Rick Roth, an award-winning screen printer and president of Mirror Image Inc., shares advice.

Rick Roth, an award-winning screen printer and president of Pawtucket, RI-based Mirror Image Inc., runs a popular blog with Tom Davenport called The Ink Kitchen, which shares “real-world” knowledge of the decorated apparel industry. During ISS Atlantic City, Ink Kitchen hosted free talks on practical and visionary topics by decoration and garment experts.

Roth and Aimee Derouen, general manager at Mirror Image, discussed dye migration, ghosting and other evils in screen printing. “A lot of times if you design artwork from the ground up, it’s going to work out better,” Roth said. “If you design with a printing technique in mind, you’re going to get a soft, cheaper, faster result in the end.”

Dye Migration

Dye migration occurs when dye from polyester fibers bleed into the ink that is screen printed on the garment. The most common factor affecting dye migration is excessive heat, which causes the dye to release from the fibers. Roth says it can take a week or two, sometimes even a year for the dye to fully migrate.

“A lot of tri-blends have bleeding problems,” he said. “If you see the same kind of shirt coming from a different country than you’re used to, you better test it. It’s not like bigger companies have it down. Some of the worst ones we’ve had, for example, have been Nike shirts.”
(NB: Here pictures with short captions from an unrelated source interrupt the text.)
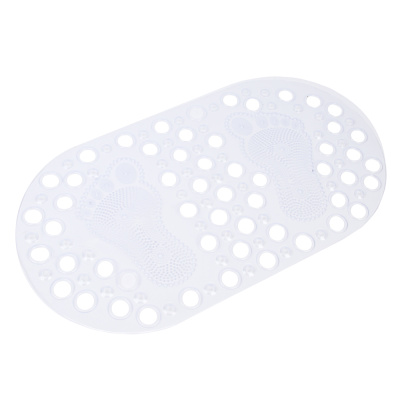 Коврик в ванну, противоскольз, ПВХ, 66,5x35,5 см, Стопы, белый VETTA (1/50)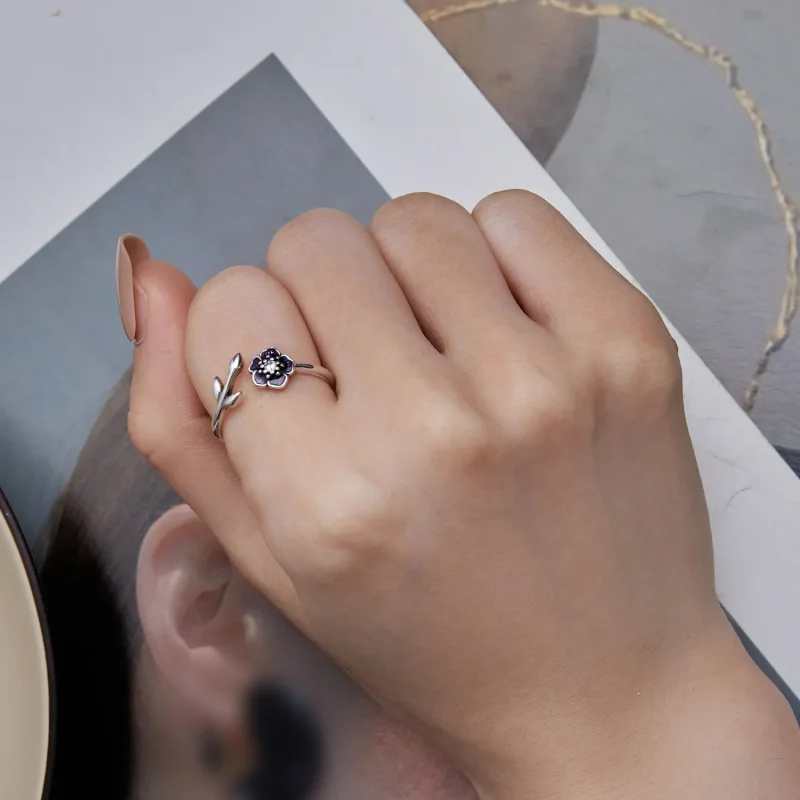 (bilde for) Pandora Style Flower Open Ring - BSR394 - Vis 6
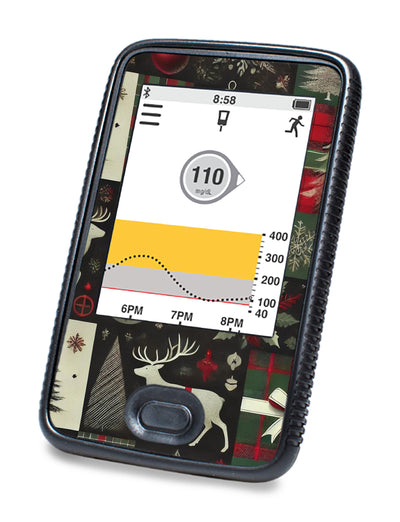 Reindeer Paper Sticker for DEXCOM G6 Touchscreen Receiver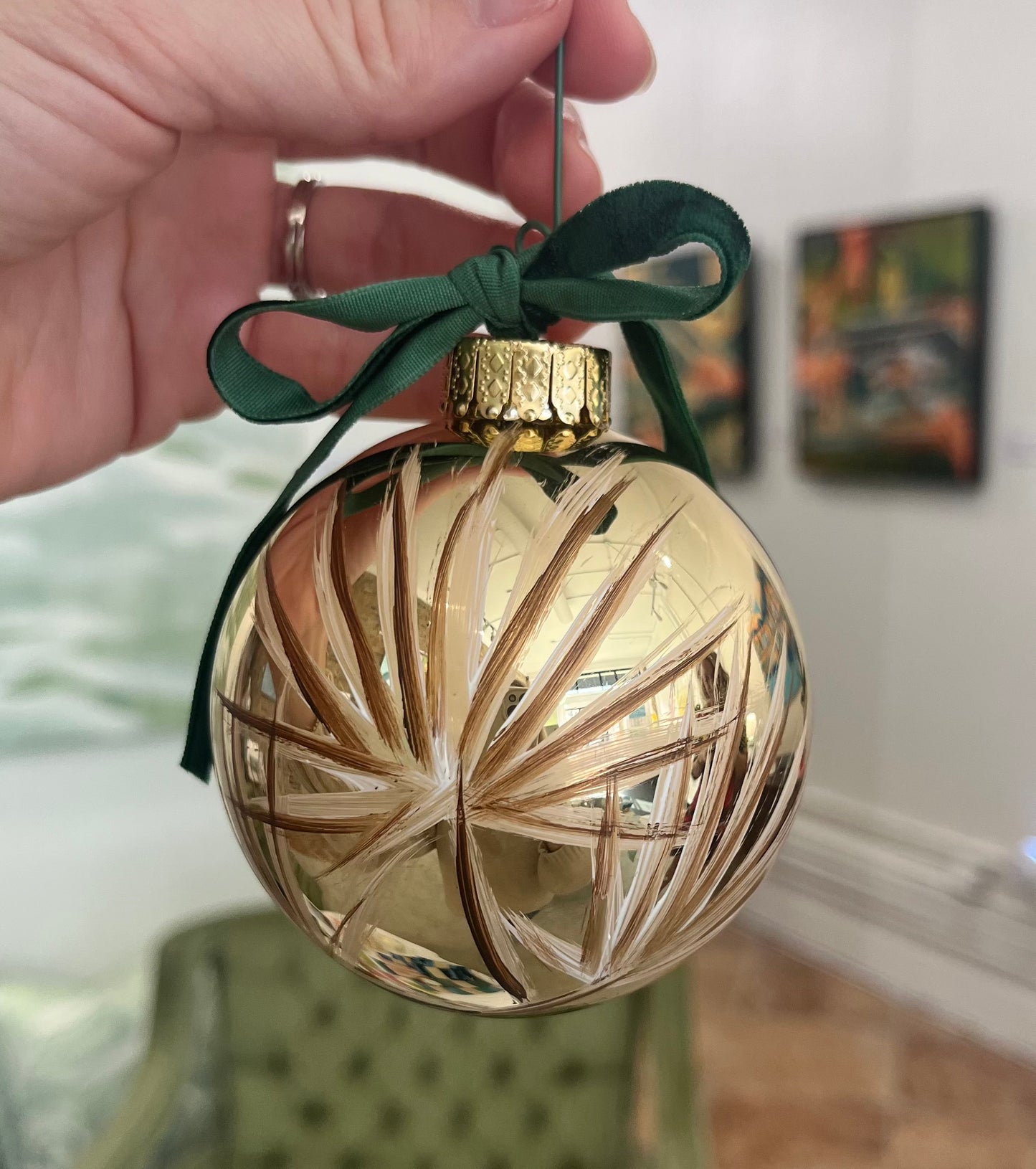 Palmetto Ornament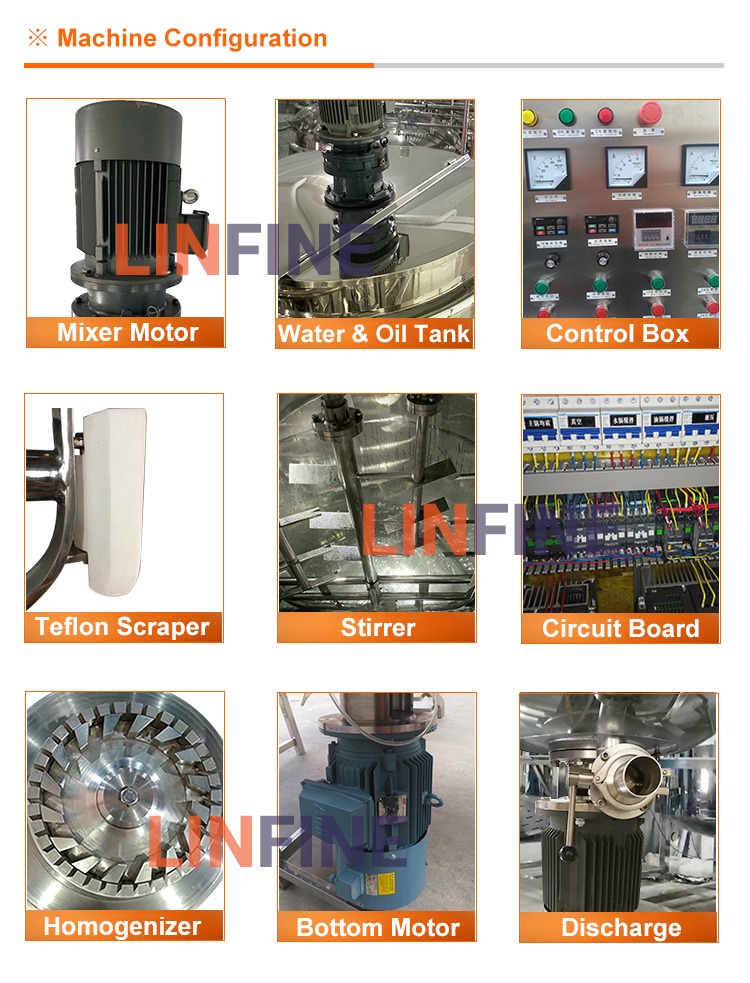 Vacuum Emulsifying Mixer Configuration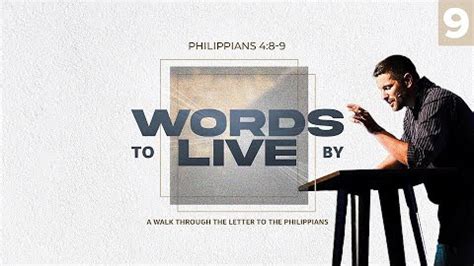 Words To Live By Part 9 · Hermitage Hills Baptist Church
Here’s how you test polyester fabric for dye migration, according to Roth. Put the fabric you are going to test on a transfer machine that is fully warmed up. Then apply a quarter-size drop of plasticizer (Mirror Image uses Rutland non-curable viscosity reducer). Lay a piece of white cloth on top of the plasticizer. Heat press the white fabric on top of the fabric you are testing. Do it at 320 degrees Fahrenheit for 30 seconds.

Then you check the white fabric. The more present the stain means the more severe the dye migration you will get when you print the fabric. “If you’re new to this, you think I’ll just print really thick white ink and it will stop the migration,” Roth said. “That’s actually the worst thing you can do. When you have thicker ink, you need more heat. It will just take longer and be worse in the end.”

To avoid dye migration when printing polyester, it might be wise to purchase an ink formulated specifically for printing on polyester, or to add a low-cure additive to the ink you intend to use. Inks that cure at lower temperatures are one of the key factors in avoiding dye migration.

“When I started printing, you used to just have cotton ink and low bleed ink,” Roth said. “They pretty much took care of everything. Those days are over. There’s no way some ink works on everything. You have to test it to know your product.”

Ghosting

This isn’t when you stop responding to somebody’s text messages. This is what happens when ink stains appear in your screen mesh.

“Many low-bleed inks have properties in them that will cause ghosting,” Roth said. “This is the stuff that keeps you up at night.”

Roth suggests thoroughly washing your screens, drying them and then exposing the inside of the screen to light. You should also clean your screens with standard, traditional screen printing chemicals rather than paint thinners. Make sure you clean the screen immediately after finishing printing to prevent ghosting as well. “You can also limit ghosting by stacking shirts in multiple piles instead of one tall stack where heat builds up,” Roth said.

Dryers

A common question that Roth gets is what temperature should you run your dryer at. After consulting with various textile mills, Roth has come to a conclusion: he has no idea.

“There are many different dryers: gas, electric, different heights, different air flow, different lengths,” he said. “Also, if you’re in Maine on a Monday morning and it’s all humid, I would say your shirt is going into the dryer at 32 degrees. If you’re in Arizona and there’s no humidity, your shirt is going in at 120 degrees on a Monday morning.”

Most people’s dryers are not calibrated, Roth says. Therefore, you have to test your dryer all the time. He suggests using temperature tape, a donut probe or a pyrometer “heat gun.”